RECORDS FOR THE EXERCISE>
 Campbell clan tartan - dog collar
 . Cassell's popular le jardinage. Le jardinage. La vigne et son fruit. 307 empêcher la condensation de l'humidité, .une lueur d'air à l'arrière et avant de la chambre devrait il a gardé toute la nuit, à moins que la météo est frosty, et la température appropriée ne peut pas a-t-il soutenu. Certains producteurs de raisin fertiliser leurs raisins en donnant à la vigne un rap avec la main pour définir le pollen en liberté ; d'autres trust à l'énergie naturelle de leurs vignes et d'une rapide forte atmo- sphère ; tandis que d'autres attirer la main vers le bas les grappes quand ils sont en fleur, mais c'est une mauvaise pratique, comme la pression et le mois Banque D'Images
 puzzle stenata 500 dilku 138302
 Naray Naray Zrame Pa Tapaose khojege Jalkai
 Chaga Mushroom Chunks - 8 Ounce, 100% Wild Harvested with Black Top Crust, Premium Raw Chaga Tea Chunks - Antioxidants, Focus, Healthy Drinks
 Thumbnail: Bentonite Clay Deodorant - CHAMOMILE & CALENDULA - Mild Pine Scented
* * *
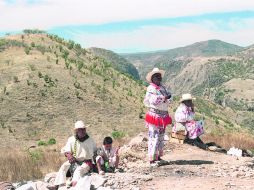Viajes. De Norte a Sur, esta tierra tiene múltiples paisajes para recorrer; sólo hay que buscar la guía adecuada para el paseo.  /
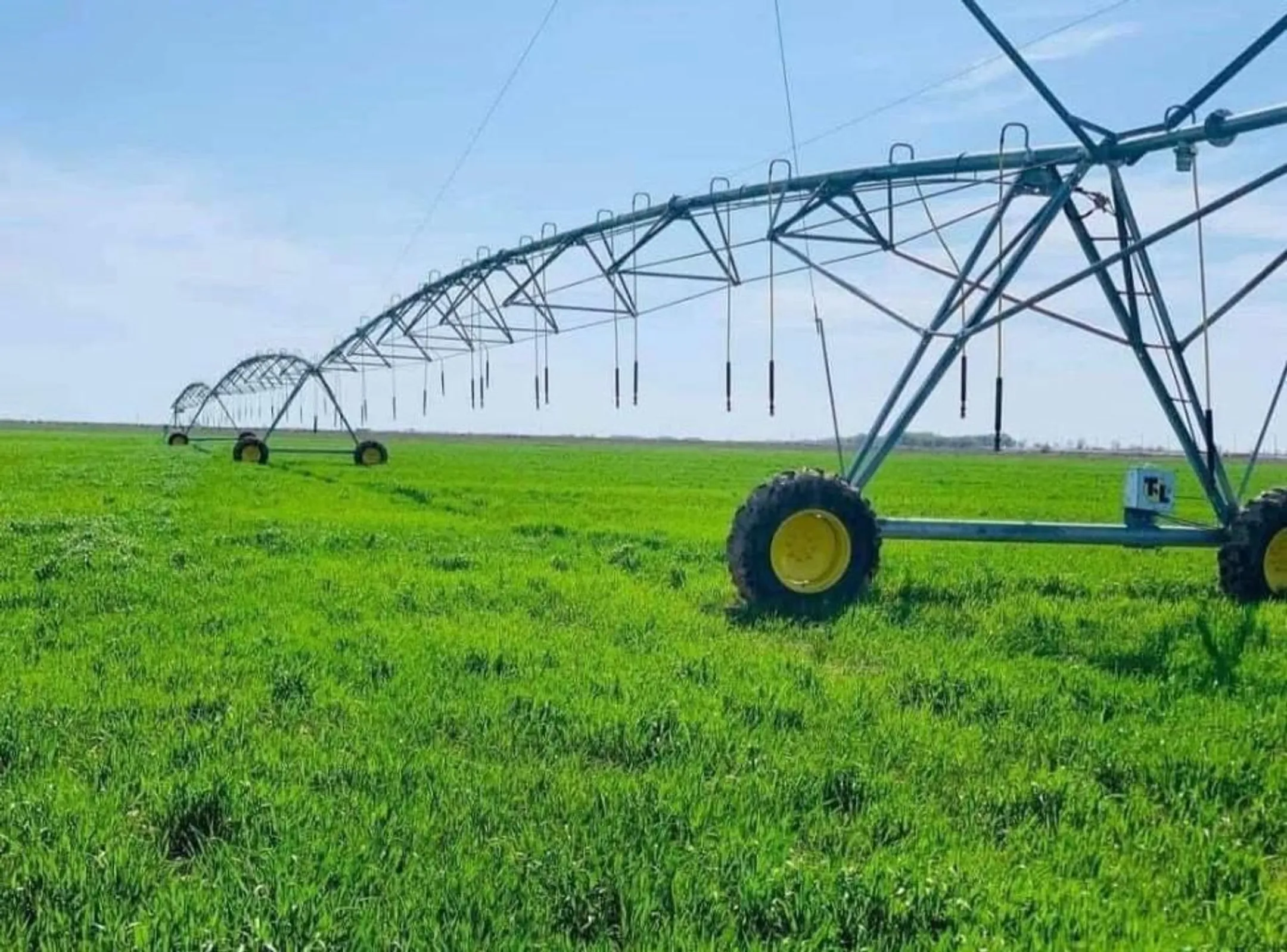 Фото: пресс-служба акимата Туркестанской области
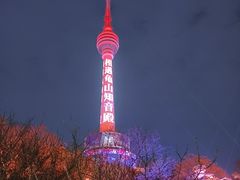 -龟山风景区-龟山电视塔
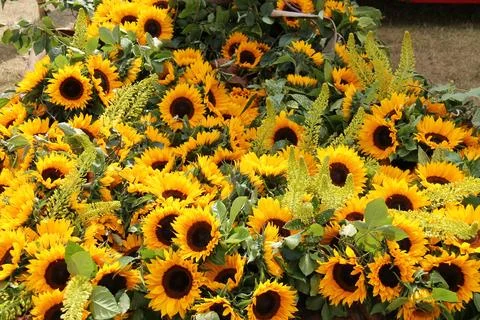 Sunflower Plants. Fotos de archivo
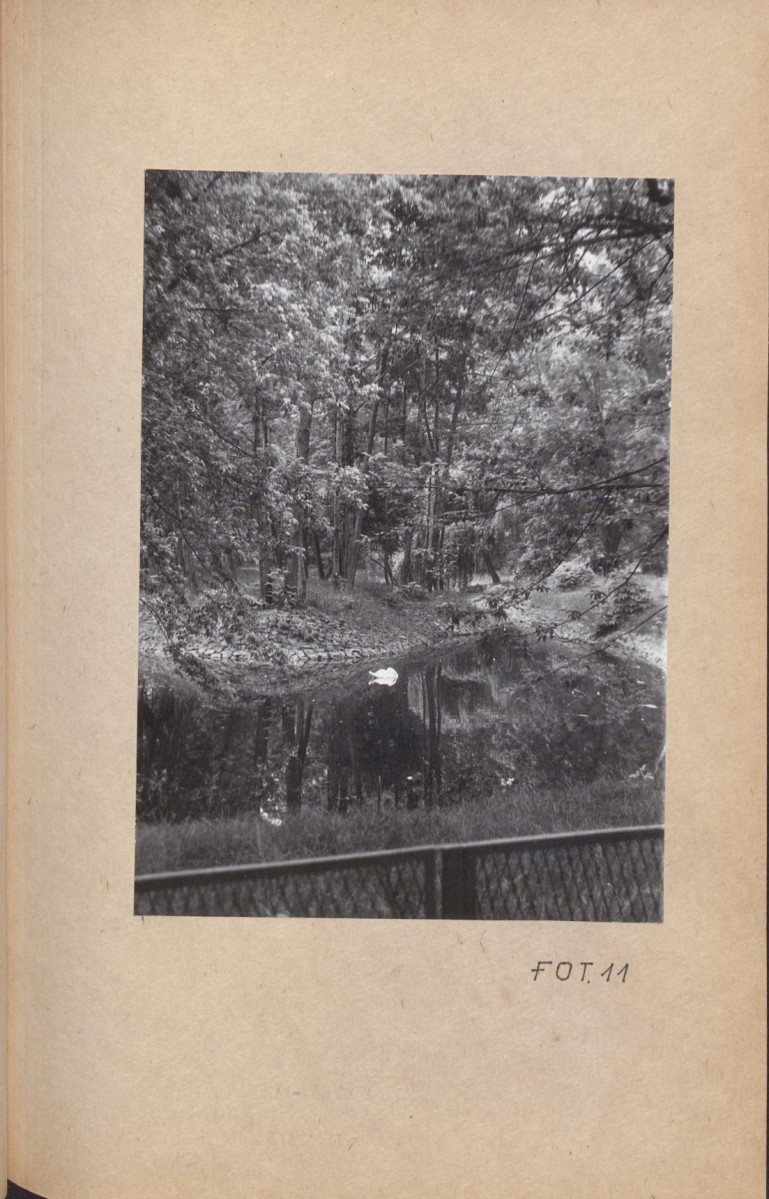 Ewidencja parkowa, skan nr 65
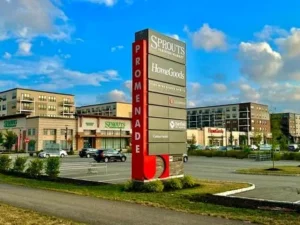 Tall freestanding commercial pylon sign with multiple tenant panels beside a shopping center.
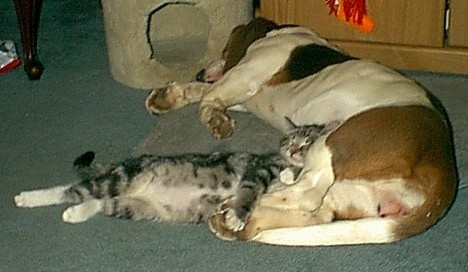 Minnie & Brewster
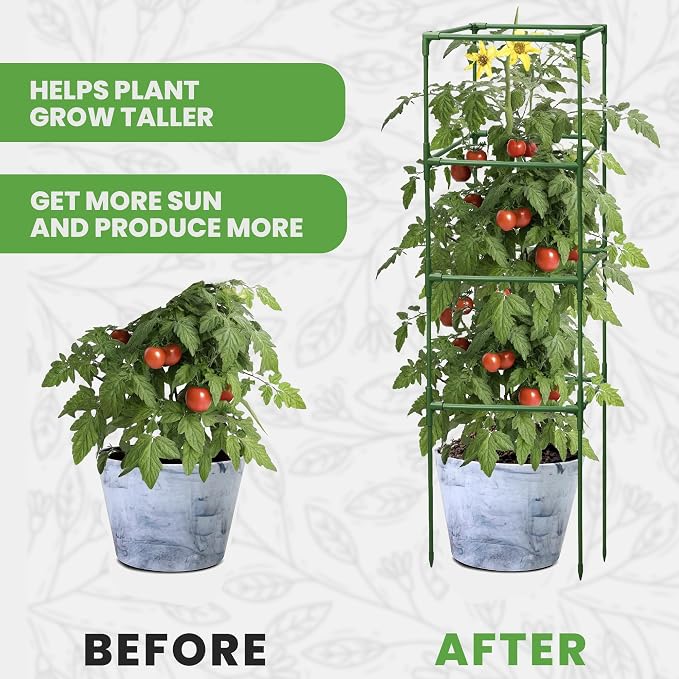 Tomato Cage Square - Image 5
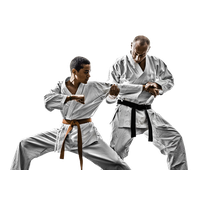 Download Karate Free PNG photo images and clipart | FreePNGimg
--
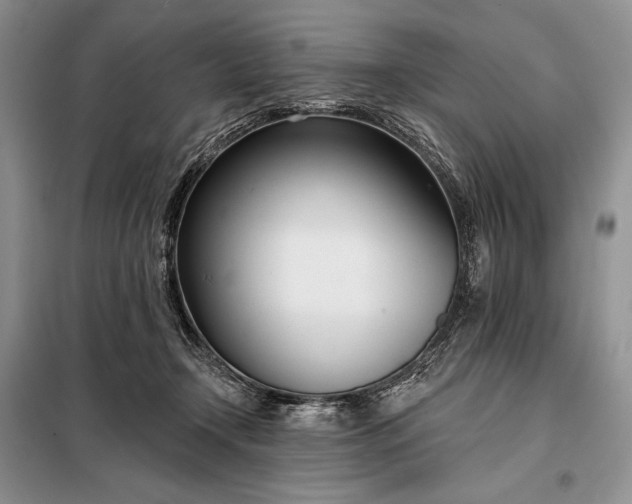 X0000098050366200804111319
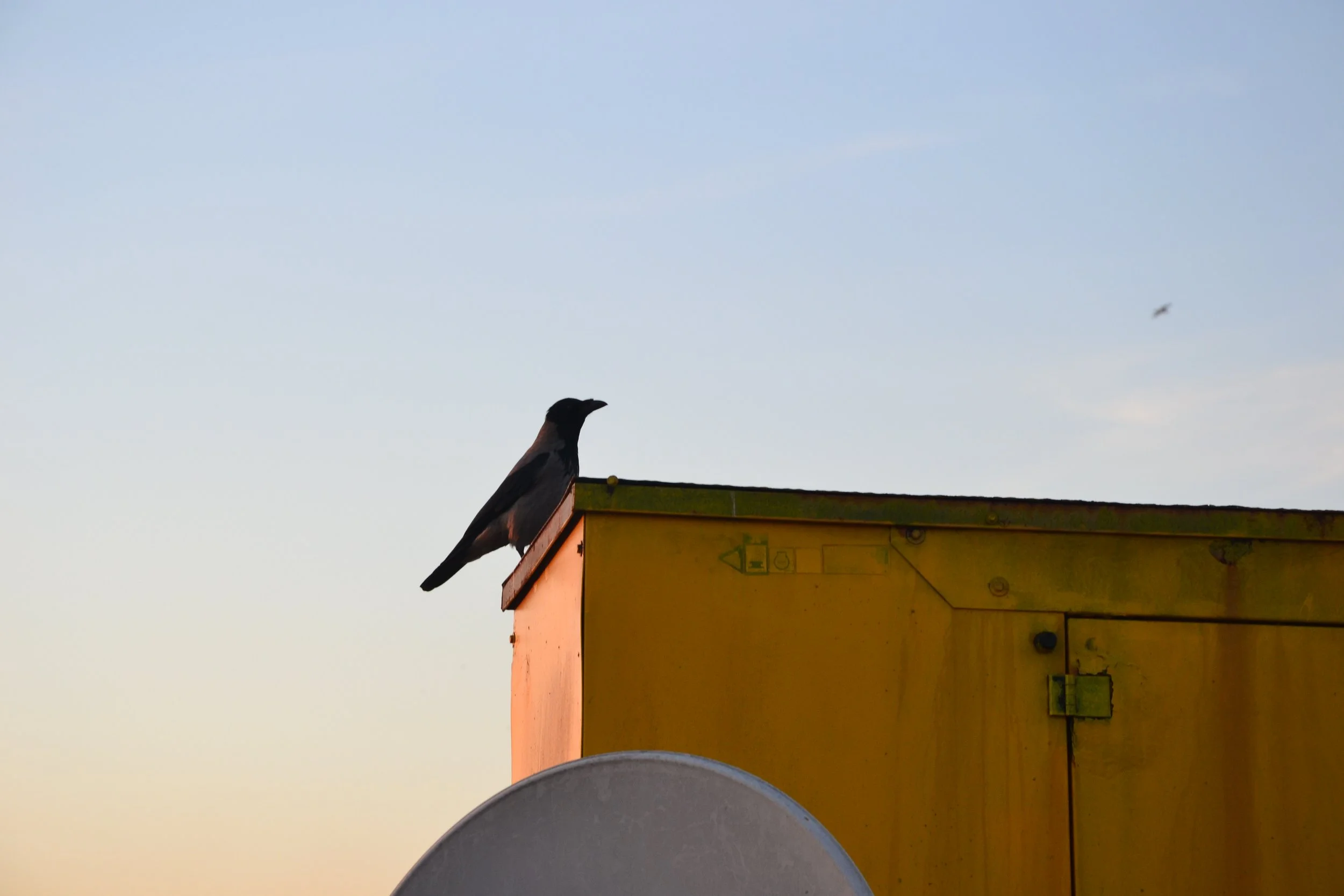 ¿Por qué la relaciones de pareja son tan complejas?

TASK STATEMENT> An exact copy of the lines above, from the one containing "Campbell clan tartan - dog collar" through the one containing "Thumbnail: Bentonite Clay", is the whole of the answer.

RESPONSE TO THIS EXERCISE>
 Campbell clan tartan - dog collar
 . Cassell's popular le jardinage. Le jardinage. La vigne et son fruit. 307 empêcher la condensation de l'humidité, .une lueur d'air à l'arrière et avant de la chambre devrait il a gardé toute la nuit, à moins que la météo est frosty, et la température appropriée ne peut pas a-t-il soutenu. Certains producteurs de raisin fertiliser leurs raisins en donnant à la vigne un rap avec la main pour définir le pollen en liberté ; d'autres trust à l'énergie naturelle de leurs vignes et d'une rapide forte atmo- sphère ; tandis que d'autres attirer la main vers le bas les grappes quand ils sont en fleur, mais c'est une mauvaise pratique, comme la pression et le mois Banque D'Images
 puzzle stenata 500 dilku 138302
 Naray Naray Zrame Pa Tapaose khojege Jalkai
 Chaga Mushroom Chunks - 8 Ounce, 100% Wild Harvested with Black Top Crust, Premium Raw Chaga Tea Chunks - Antioxidants, Focus, Healthy Drinks
 Thumbnail: Bentonite Clay Deodorant - CHAMOMILE & CALENDULA - Mild Pine Scented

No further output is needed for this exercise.